Check your SPM for channels designated such as CBSW or CBSE. If that is how the channel is designated, your SPM* WILL NOT RECORD* the show. Starting January 1, only the new channel designations will work in the SPM.

Examples of old designations: CBSW, CBSE, ABCW, ABCE, FOXW, FOXE, etc.

Examples of NEW designations: 381 CBSw, 380 CBSe, 387 ABCw, 386 ABCe, 389 FOXw, 388 FOXe, etc. Note that the channel number has been added AND the E/W modifier is now lower case e/w.

We thought shows were being slow to start up again We checked the guide and first found Ghost Whisperer missing from our scheduled recordings. Then we found others and finally made the connection on the programs that were scheduled and the ones that were not.

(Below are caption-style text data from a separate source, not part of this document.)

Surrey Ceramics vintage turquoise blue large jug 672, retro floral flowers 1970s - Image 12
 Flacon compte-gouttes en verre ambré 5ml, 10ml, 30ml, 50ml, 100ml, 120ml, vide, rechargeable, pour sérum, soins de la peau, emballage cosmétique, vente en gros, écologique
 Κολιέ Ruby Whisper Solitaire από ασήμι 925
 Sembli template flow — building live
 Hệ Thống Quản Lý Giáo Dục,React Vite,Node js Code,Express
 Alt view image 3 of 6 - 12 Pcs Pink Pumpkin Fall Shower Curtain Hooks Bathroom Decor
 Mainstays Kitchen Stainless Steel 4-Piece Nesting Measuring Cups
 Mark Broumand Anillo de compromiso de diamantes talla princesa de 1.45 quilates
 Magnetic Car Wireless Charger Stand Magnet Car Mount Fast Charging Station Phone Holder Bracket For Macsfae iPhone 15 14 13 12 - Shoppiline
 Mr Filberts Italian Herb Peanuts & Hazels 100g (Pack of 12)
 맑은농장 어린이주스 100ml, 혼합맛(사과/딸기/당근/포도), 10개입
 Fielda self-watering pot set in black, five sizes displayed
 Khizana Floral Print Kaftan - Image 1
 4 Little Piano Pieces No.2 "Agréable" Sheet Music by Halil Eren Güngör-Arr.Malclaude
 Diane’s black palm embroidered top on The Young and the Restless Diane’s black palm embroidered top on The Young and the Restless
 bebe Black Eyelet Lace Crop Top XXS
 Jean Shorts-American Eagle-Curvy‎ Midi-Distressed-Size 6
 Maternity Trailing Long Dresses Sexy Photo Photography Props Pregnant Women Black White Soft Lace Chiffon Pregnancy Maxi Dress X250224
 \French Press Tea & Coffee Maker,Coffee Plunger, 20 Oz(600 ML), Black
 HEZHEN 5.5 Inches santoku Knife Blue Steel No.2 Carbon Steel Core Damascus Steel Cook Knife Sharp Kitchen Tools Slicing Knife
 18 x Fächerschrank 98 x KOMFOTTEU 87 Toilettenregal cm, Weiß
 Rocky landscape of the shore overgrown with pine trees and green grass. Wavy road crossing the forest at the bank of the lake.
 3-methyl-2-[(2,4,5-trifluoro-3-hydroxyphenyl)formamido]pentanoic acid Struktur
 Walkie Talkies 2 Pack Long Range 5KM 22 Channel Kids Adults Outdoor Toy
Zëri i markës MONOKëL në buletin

*I am running a DirecTV DVR R10* with up to date software so perhaps only those units will have the problem. If you made your settings starting some time this past fall then your listings are probably correct. BUT if you have listings that have been held over from a previous season you had better check to see what programs you are missing.

If you have the channel designation problem that we had, then you need to DELETE the old SPM and create a new one. The new SPM will pick up the current and correct channel designation.


----------



## astrohip (Jan 7, 2003)

MountainMan41 said:


> As of January 1, 2010 old network designations in the Season Pass Manager (SPM) have quit working.
> 
> Check your SPM for channels designated such as CBSW or CBSE. If that is how the channel is designated, your SPM* WILL NOT RECORD* the show. Starting January 1, only the new channel designations will work in the SPM.
> 
> ...


It might be your DVR R10, or it could be the way you picked SPs from DirecTV's guide. My HR-21 (or whatever the HD DVR is called) is still getting SPs, as are my TiVos on Comcast and OTA.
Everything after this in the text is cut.